** TASK INSTRUCTIONS **
Keeping every character in place, output all the data.

** MATERIAL FOR THE TASK **

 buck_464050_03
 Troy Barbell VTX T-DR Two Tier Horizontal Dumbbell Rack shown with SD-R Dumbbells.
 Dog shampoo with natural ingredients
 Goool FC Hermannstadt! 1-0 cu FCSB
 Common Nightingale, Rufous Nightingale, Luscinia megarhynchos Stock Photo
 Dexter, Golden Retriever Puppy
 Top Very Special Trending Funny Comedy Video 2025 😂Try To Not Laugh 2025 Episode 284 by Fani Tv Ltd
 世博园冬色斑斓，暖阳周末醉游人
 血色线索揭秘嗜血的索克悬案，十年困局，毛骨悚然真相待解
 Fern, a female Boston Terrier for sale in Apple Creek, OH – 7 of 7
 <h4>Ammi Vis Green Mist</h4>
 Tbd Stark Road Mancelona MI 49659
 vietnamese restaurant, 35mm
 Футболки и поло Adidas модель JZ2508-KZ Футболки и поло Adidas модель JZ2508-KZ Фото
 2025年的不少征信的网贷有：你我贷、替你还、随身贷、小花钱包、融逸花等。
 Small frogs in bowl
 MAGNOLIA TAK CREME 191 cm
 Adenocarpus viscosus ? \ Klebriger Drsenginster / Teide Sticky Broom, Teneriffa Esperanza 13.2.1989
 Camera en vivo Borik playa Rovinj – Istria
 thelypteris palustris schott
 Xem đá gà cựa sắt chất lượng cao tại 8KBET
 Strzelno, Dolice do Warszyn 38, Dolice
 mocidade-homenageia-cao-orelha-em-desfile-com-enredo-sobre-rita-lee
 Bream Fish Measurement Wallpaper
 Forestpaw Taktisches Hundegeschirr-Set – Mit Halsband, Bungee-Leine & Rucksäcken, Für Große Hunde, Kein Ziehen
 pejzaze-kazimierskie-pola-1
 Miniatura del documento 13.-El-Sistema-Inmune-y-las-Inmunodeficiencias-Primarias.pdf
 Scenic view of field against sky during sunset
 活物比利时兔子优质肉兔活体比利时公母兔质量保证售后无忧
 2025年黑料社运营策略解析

** SOLUTION TO THIS TASK **
 buck_464050_03
 Troy Barbell VTX T-DR Two Tier Horizontal Dumbbell Rack shown with SD-R Dumbbells.
 Dog shampoo with natural ingredients
 Goool FC Hermannstadt! 1-0 cu FCSB
 Common Nightingale, Rufous Nightingale, Luscinia megarhynchos Stock Photo
 Dexter, Golden Retriever Puppy
 Top Very Special Trending Funny Comedy Video 2025 😂Try To Not Laugh 2025 Episode 284 by Fani Tv Ltd
 世博园冬色斑斓，暖阳周末醉游人
 血色线索揭秘嗜血的索克悬案，十年困局，毛骨悚然真相待解
 Fern, a female Boston Terrier for sale in Apple Creek, OH – 7 of 7
 <h4>Ammi Vis Green Mist</h4>
 Tbd Stark Road Mancelona MI 49659
 vietnamese restaurant, 35mm
 Футболки и поло Adidas модель JZ2508-KZ Футболки и поло Adidas модель JZ2508-KZ Фото
 2025年的不少征信的网贷有：你我贷、替你还、随身贷、小花钱包、融逸花等。
 Small frogs in bowl
 MAGNOLIA TAK CREME 191 cm
 Adenocarpus viscosus ? \ Klebriger Drsenginster / Teide Sticky Broom, Teneriffa Esperanza 13.2.1989
 Camera en vivo Borik playa Rovinj – Istria
 thelypteris palustris schott
 Xem đá gà cựa sắt chất lượng cao tại 8KBET
 Strzelno, Dolice do Warszyn 38, Dolice
 mocidade-homenageia-cao-orelha-em-desfile-com-enredo-sobre-rita-lee
 Bream Fish Measurement Wallpaper
 Forestpaw Taktisches Hundegeschirr-Set – Mit Halsband, Bungee-Leine & Rucksäcken, Für Große Hunde, Kein Ziehen
 pejzaze-kazimierskie-pola-1
 Miniatura del documento 13.-El-Sistema-Inmune-y-las-Inmunodeficiencias-Primarias.pdf
 Scenic view of field against sky during sunset
 活物比利时兔子优质肉兔活体比利时公母兔质量保证售后无忧
 2025年黑料社运营策略解析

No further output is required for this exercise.